Then we create an Endpoint Configuration:

In [None]:
config_name = model_name

response = sm_client.create_endpoint_config(
 EndpointConfigName=config_name,
 ProductionVariants=[
 {
 'VariantName': 'default-variant-name',
 'ModelName': model_name,
 'InitialInstanceCount': 1,
 'InstanceType': endpoint_instance_type,
 'InitialVariantWeight': 1.0
 },
 ],
)
print(response)

Finally, we create an Endpoint:

In [None]:
endpoint_name = model_name + '-Endpoint'

response = sm_client.create_endpoint(
 EndpointName=endpoint_name,
 EndpointConfigName=config_name,
)
print(response)

print('Creating endpoint ...')
waiter = sm_client.get_waiter('endpoint_in_service')
waiter.wait(EndpointName=endpoint_name)

response = sm_client.describe_endpoint(EndpointName=endpoint_name)
print(response)

## Send requests

Let's try to send a cat picture.

![title](cat.jpg)

In [None]:
import json
import numpy as np
import time

sm_runtime = boto3.Session().client('sagemaker-runtime')

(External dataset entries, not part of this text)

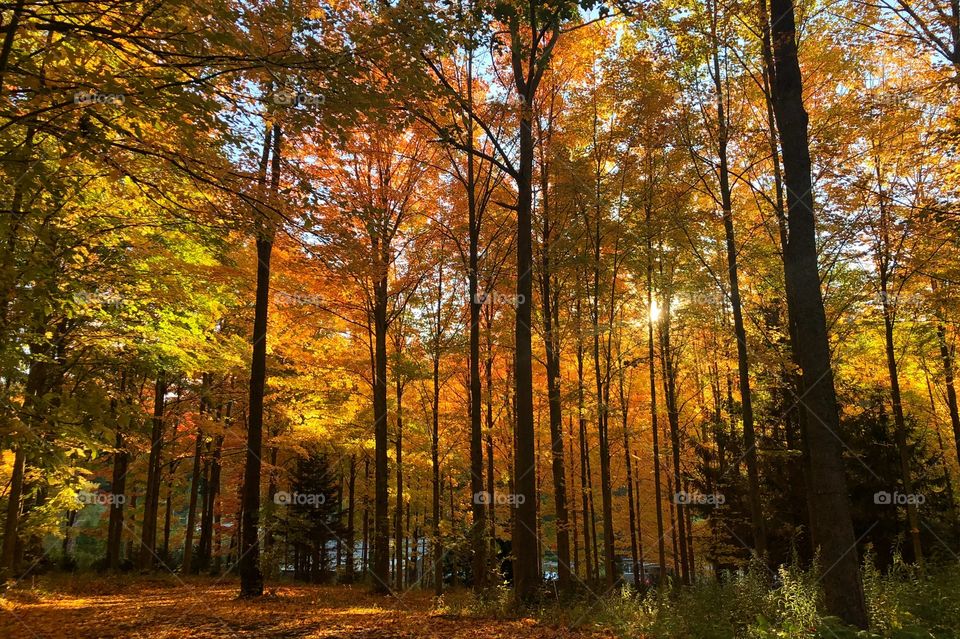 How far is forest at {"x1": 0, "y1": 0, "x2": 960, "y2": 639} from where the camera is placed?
5.04 m

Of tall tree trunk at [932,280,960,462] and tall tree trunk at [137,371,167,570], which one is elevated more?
tall tree trunk at [932,280,960,462]

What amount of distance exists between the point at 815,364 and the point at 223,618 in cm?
924

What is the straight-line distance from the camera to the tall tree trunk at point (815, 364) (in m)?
5.91

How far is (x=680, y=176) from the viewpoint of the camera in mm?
15375

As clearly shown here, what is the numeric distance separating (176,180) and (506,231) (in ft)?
33.3

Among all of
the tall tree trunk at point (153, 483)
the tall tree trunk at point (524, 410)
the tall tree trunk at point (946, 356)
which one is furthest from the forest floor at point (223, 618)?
the tall tree trunk at point (946, 356)

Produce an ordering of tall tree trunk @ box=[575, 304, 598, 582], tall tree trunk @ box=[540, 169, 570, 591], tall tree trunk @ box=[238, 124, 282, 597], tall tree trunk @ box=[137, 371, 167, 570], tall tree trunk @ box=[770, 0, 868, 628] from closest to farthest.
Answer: tall tree trunk @ box=[770, 0, 868, 628] < tall tree trunk @ box=[238, 124, 282, 597] < tall tree trunk @ box=[540, 169, 570, 591] < tall tree trunk @ box=[575, 304, 598, 582] < tall tree trunk @ box=[137, 371, 167, 570]

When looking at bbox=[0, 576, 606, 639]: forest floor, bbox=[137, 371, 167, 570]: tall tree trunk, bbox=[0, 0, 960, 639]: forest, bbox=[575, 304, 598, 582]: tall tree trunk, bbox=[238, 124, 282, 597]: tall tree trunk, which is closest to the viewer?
bbox=[0, 0, 960, 639]: forest

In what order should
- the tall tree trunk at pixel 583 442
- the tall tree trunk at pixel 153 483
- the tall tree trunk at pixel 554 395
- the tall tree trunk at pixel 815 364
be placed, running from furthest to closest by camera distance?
the tall tree trunk at pixel 153 483 < the tall tree trunk at pixel 583 442 < the tall tree trunk at pixel 554 395 < the tall tree trunk at pixel 815 364

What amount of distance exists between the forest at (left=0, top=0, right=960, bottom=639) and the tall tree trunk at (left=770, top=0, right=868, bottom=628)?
3cm

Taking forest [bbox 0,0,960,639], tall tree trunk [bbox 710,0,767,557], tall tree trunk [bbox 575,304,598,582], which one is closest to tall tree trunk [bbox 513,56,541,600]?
forest [bbox 0,0,960,639]

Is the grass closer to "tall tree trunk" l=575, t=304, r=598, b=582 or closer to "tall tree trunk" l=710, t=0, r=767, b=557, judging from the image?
"tall tree trunk" l=710, t=0, r=767, b=557

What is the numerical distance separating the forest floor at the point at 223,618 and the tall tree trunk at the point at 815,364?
118 inches

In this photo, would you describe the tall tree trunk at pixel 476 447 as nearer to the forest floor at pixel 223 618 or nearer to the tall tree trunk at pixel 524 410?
the tall tree trunk at pixel 524 410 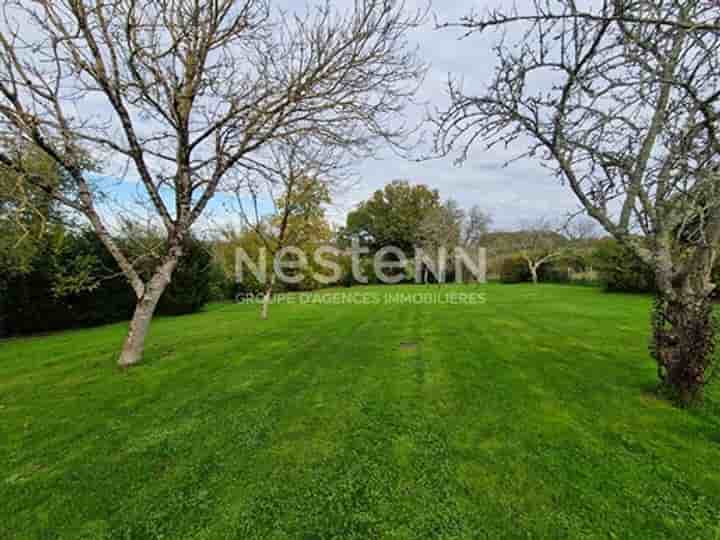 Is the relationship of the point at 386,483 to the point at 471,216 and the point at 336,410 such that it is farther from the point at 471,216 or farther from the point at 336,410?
the point at 471,216

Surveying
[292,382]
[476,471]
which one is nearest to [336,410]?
[292,382]

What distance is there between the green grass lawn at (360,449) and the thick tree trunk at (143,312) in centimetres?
33

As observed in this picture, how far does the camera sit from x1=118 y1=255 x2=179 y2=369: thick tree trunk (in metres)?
4.41

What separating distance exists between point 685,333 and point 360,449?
10.4ft

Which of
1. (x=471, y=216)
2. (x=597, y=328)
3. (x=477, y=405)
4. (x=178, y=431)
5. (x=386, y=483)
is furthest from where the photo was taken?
(x=471, y=216)

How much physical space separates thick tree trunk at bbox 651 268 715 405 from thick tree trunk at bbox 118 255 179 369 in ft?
19.8

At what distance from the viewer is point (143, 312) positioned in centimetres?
443

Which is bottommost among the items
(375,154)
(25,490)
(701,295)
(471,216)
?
(25,490)

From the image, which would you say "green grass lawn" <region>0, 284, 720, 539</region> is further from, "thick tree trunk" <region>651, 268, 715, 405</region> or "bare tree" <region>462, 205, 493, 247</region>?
"bare tree" <region>462, 205, 493, 247</region>

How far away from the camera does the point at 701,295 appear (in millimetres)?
2705

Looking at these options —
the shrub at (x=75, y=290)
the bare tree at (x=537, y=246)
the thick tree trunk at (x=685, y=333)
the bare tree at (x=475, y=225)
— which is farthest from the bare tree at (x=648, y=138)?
the bare tree at (x=475, y=225)

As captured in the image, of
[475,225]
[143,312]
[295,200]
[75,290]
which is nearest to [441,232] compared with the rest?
[475,225]

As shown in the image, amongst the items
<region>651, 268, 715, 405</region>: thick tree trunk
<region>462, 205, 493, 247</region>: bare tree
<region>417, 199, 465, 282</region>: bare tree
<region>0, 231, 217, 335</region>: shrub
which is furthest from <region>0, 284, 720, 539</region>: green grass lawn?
<region>462, 205, 493, 247</region>: bare tree

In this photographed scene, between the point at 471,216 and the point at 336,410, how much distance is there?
2834 cm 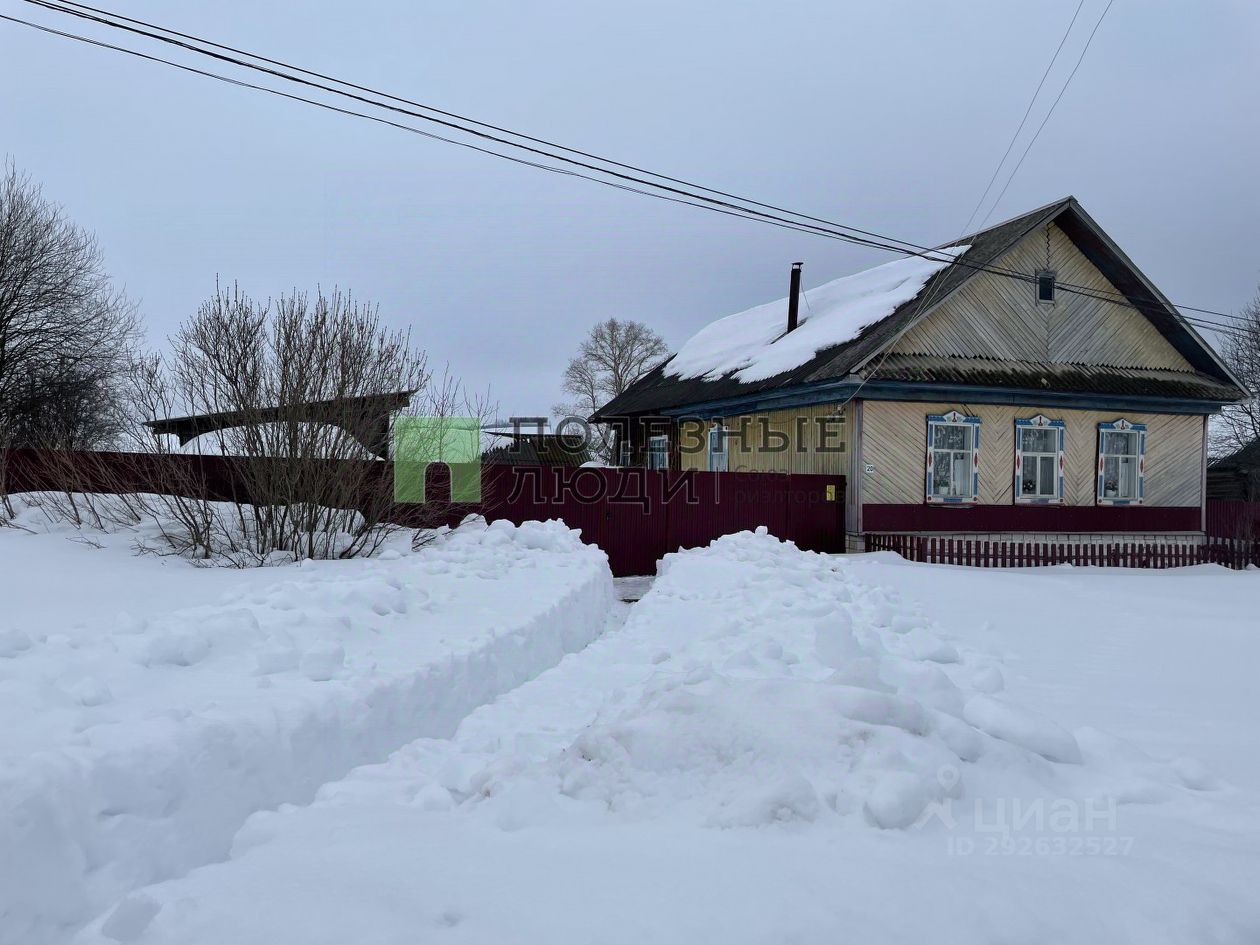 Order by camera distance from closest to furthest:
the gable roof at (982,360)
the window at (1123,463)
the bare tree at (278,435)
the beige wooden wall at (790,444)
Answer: the bare tree at (278,435) → the gable roof at (982,360) → the beige wooden wall at (790,444) → the window at (1123,463)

with open('cat.jpg', 'rb') as f:
 payload = f.read()

response = sm_runtime.invoke_endpoint(EndpointName=endpoint_name,
 ContentType='application/x-image',
 Body=payload)
print(response)
result = json.loads(response['Body'].read().decode())

print('Most likely class: {}'.format(np.argmax(result)))

# Clean up
Don't forget to delete an endpoint after we no longer need it. To see the status of your endpoints, to the SageMaker console, see Inference -> Endpoints.

In [None]:
sess.delete_endpoint(endpoint_name)